## WHAT YOU NEED TO DO
Nothing should appear in the answer except the lines below from the line containing "Vintage Royal Doulton" through the line containing "GlamSeries GlamCarrier Kosmetiktasche, Schminktasche", copied exactly, with pictures left out.

## DATASET ENTRIES

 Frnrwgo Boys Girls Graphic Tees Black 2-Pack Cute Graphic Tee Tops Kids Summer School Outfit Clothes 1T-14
* * *
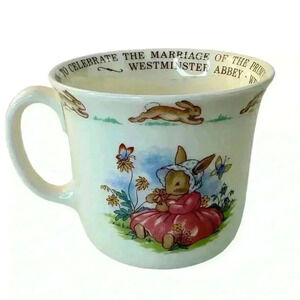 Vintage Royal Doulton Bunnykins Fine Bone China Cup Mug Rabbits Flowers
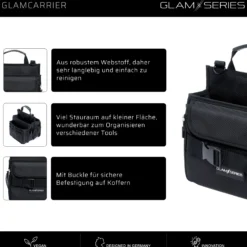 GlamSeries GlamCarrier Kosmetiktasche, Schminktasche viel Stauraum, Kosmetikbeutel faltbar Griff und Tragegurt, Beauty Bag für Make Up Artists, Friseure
--
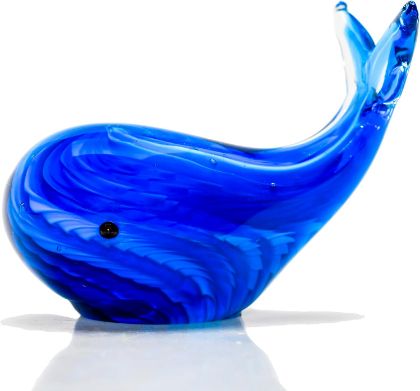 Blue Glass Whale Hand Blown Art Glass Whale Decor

## SOLUTION TO THE EXERCISE
 Vintage Royal Doulton Bunnykins Fine Bone China Cup Mug Rabbits Flowers
 GlamSeries GlamCarrier Kosmetiktasche, Schminktasche viel Stauraum, Kosmetikbeutel faltbar Griff und Tragegurt, Beauty Bag für Make Up Artists, Friseure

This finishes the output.